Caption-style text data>
※ ※ ※
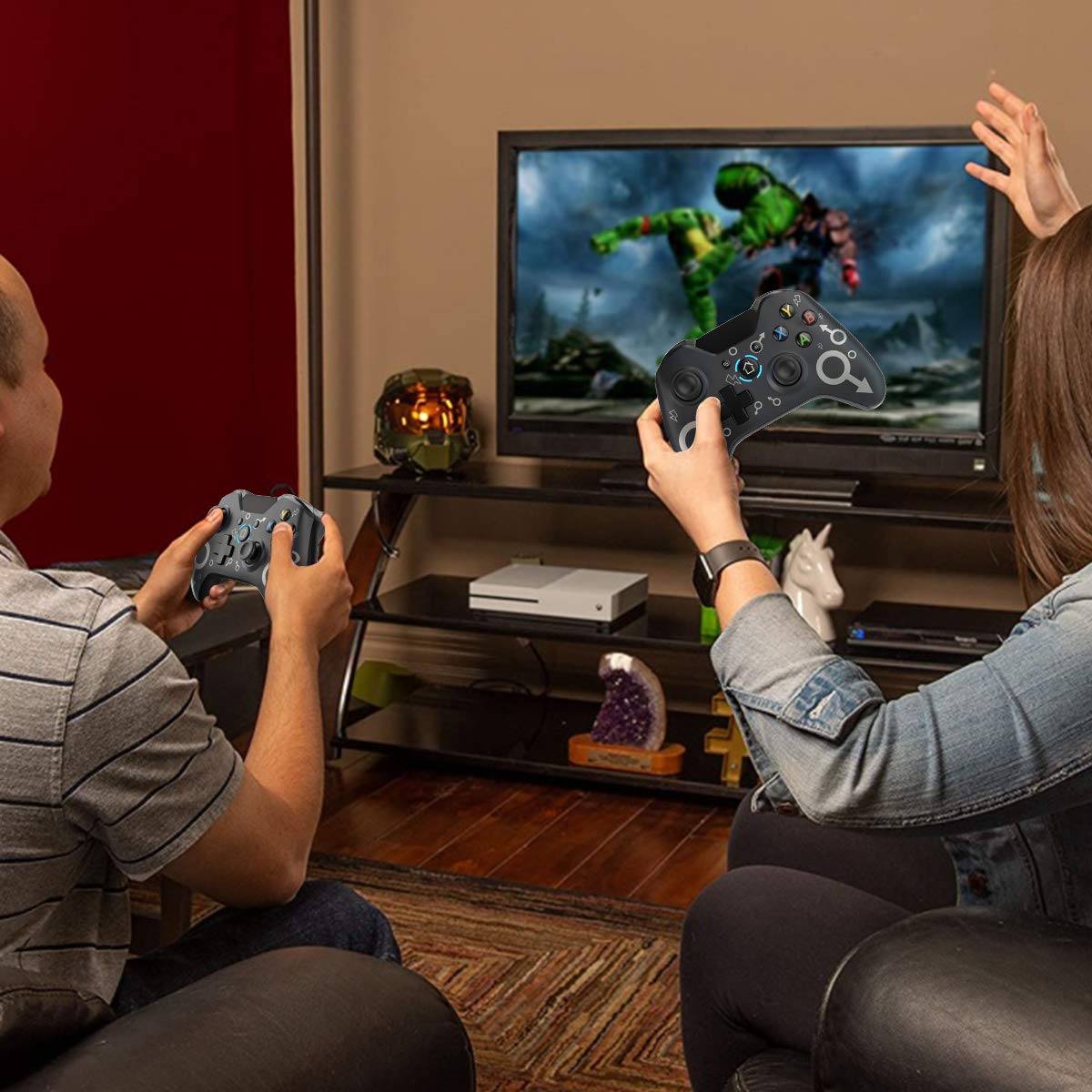 Wireless Controller for Xbox One, Wireless PC Gamepad with 2.4GHZ Wireless Adapter Compatible with Xbox One/One S/One X/Windows 7/8/10 (Gray)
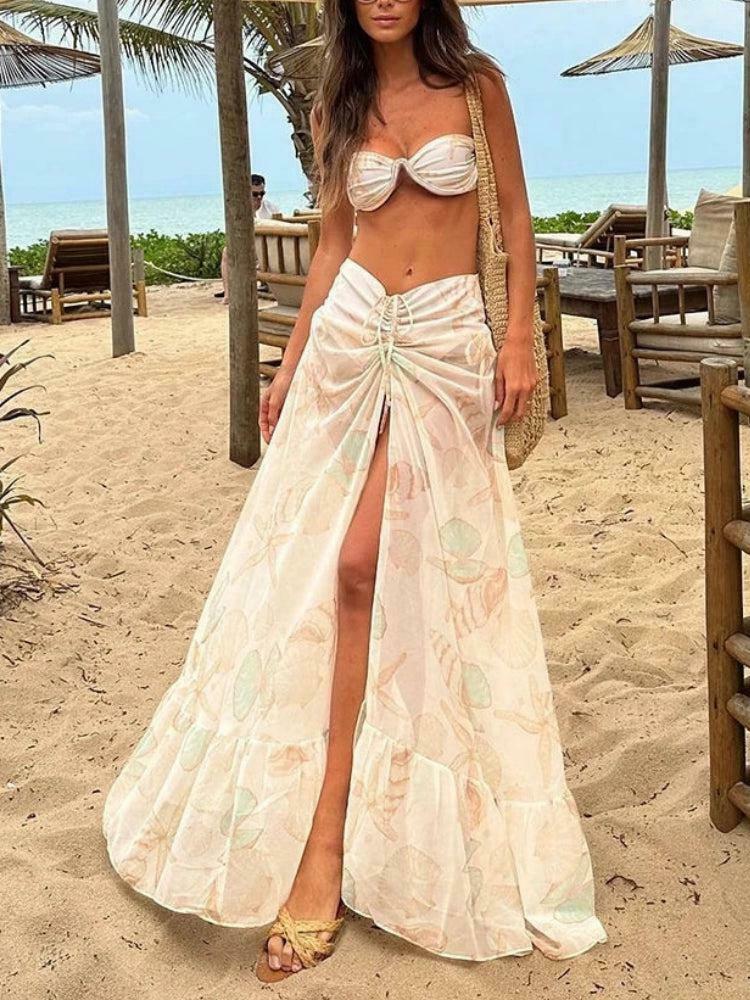 Sea Shell Three Piece Bikini Set - Trendy Y2K Style Swimwear for Fashion-Forward Looks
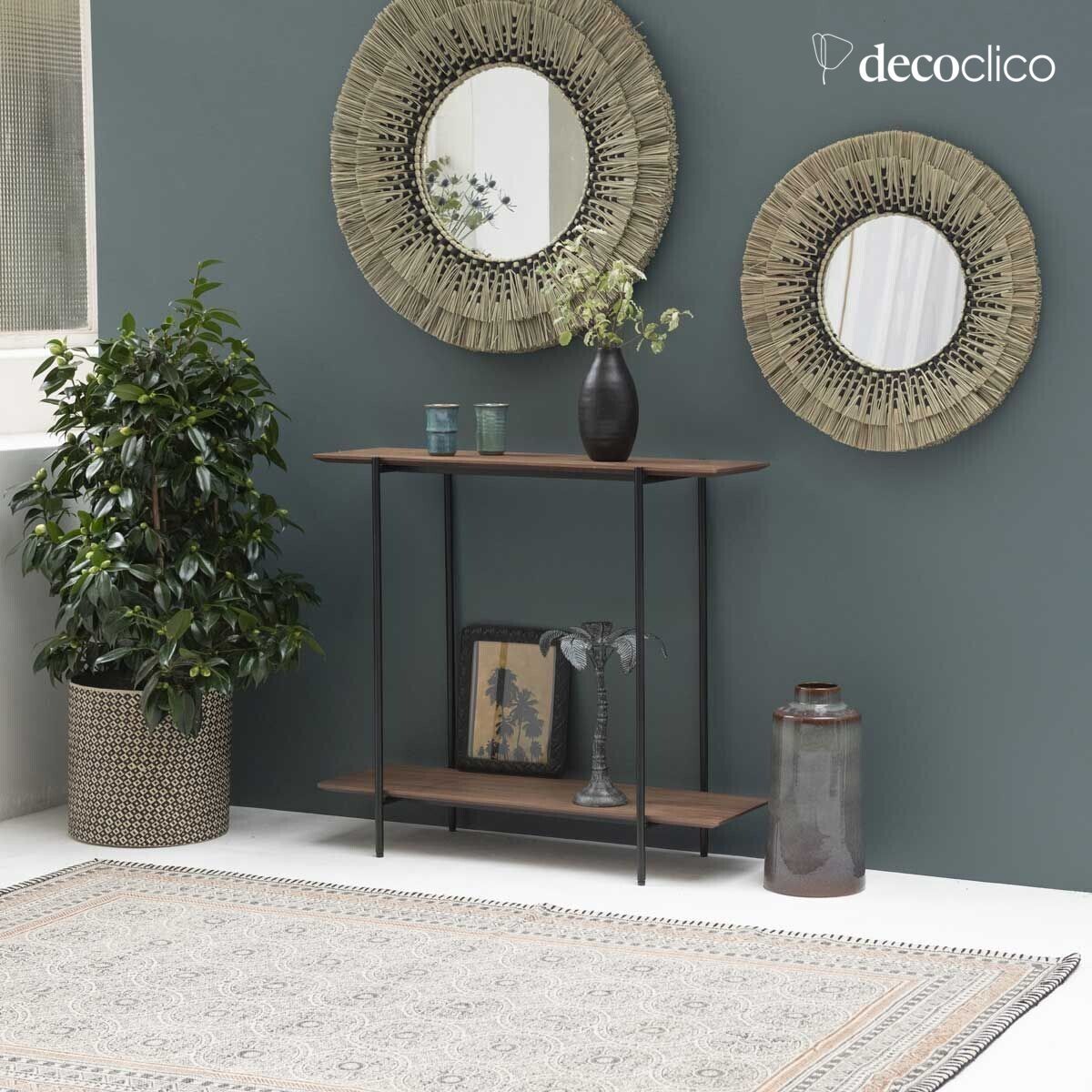 Tapis en coton tissé main impression block print écru à motifs charbon 140 x 200 Bergen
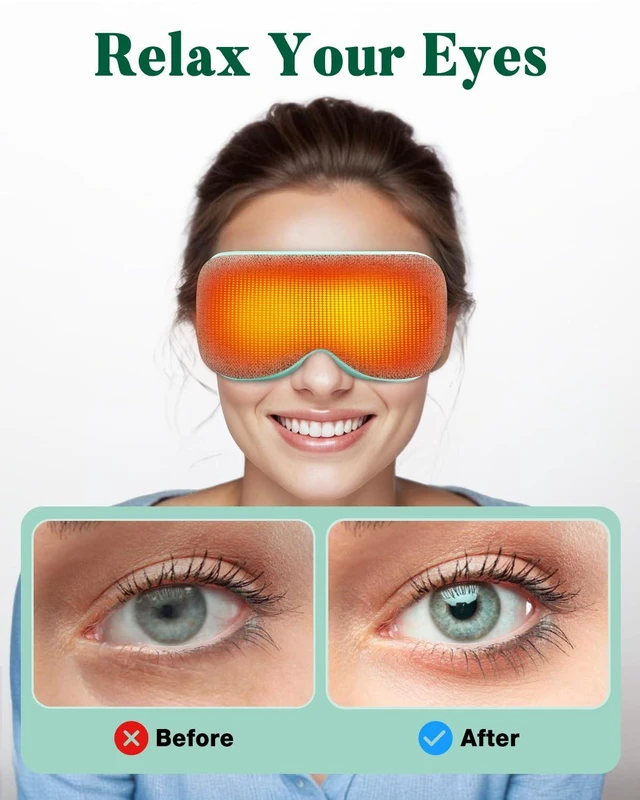Alt view image 3 of 7 - Heated Eye Mask for Dry Eyes, FSA Eligible HSA, Cordless Warm Compress for Eyes, Light Blocking Eye Heating Pad, Styes, Sleep, Cover Washable, Rechargeable, Light Blue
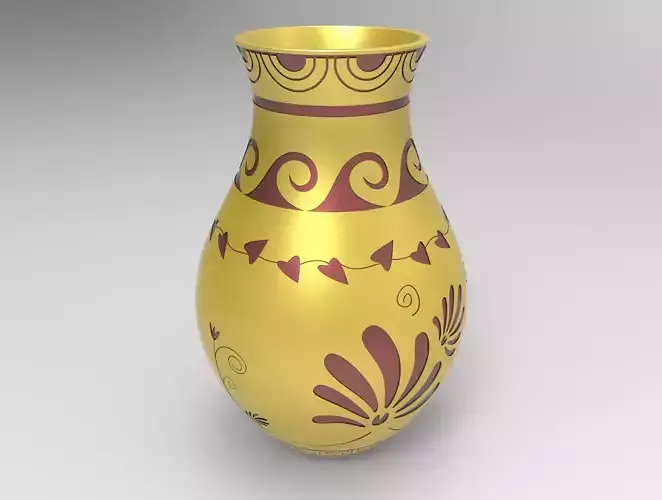 Amphora gold vase 3D print model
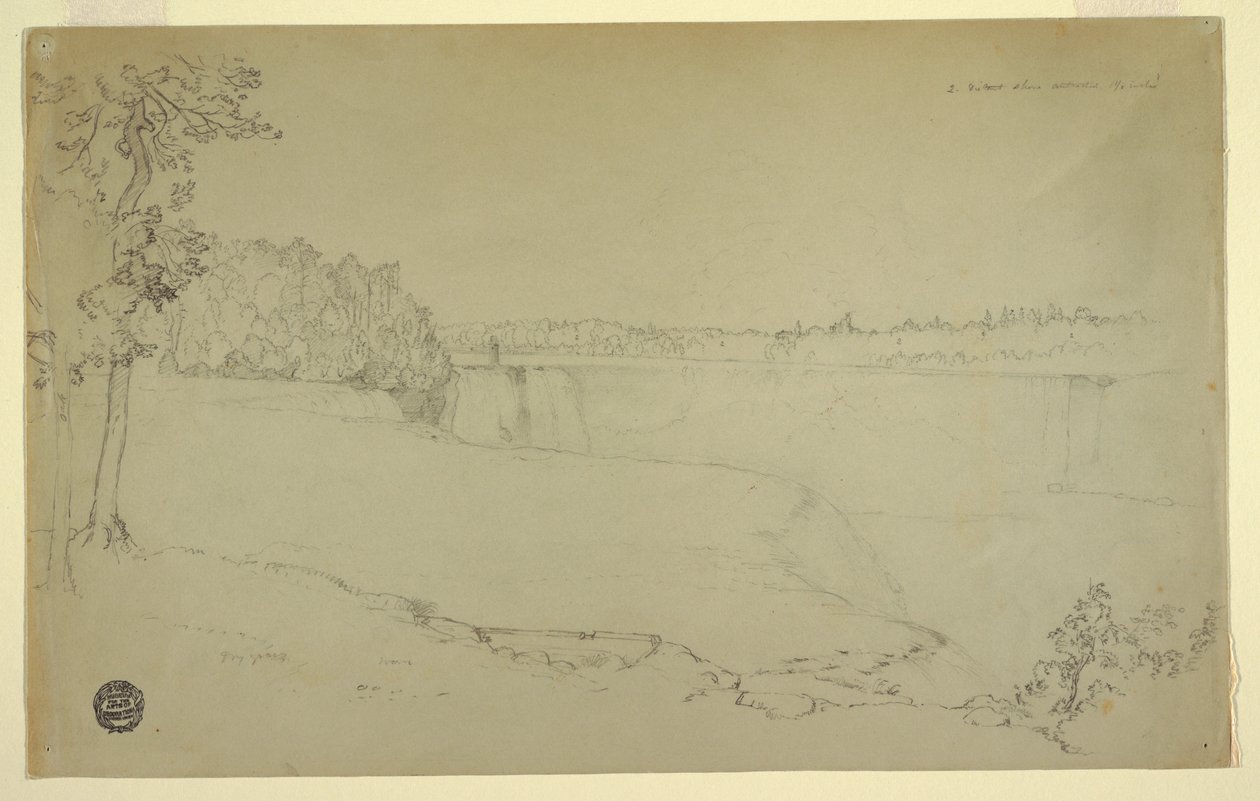 Piirtäminen, tutkimukset. Niagaran putoukset, luultavasti 1856. tekijältä Frederic Edwin Church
※ ※ ※
Omitting the images, transcribe every record exactly.

THE ANSWER>
 Wireless Controller for Xbox One, Wireless PC Gamepad with 2.4GHZ Wireless Adapter Compatible with Xbox One/One S/One X/Windows 7/8/10 (Gray)
 Sea Shell Three Piece Bikini Set - Trendy Y2K Style Swimwear for Fashion-Forward Looks
 Tapis en coton tissé main impression block print écru à motifs charbon 140 x 200 Bergen
Alt view image 3 of 7 - Heated Eye Mask for Dry Eyes, FSA Eligible HSA, Cordless Warm Compress for Eyes, Light Blocking Eye Heating Pad, Styes, Sleep, Cover Washable, Rechargeable, Light Blue
 Amphora gold vase 3D print model
 Piirtäminen, tutkimukset. Niagaran putoukset, luultavasti 1856. tekijältä Frederic Edwin Church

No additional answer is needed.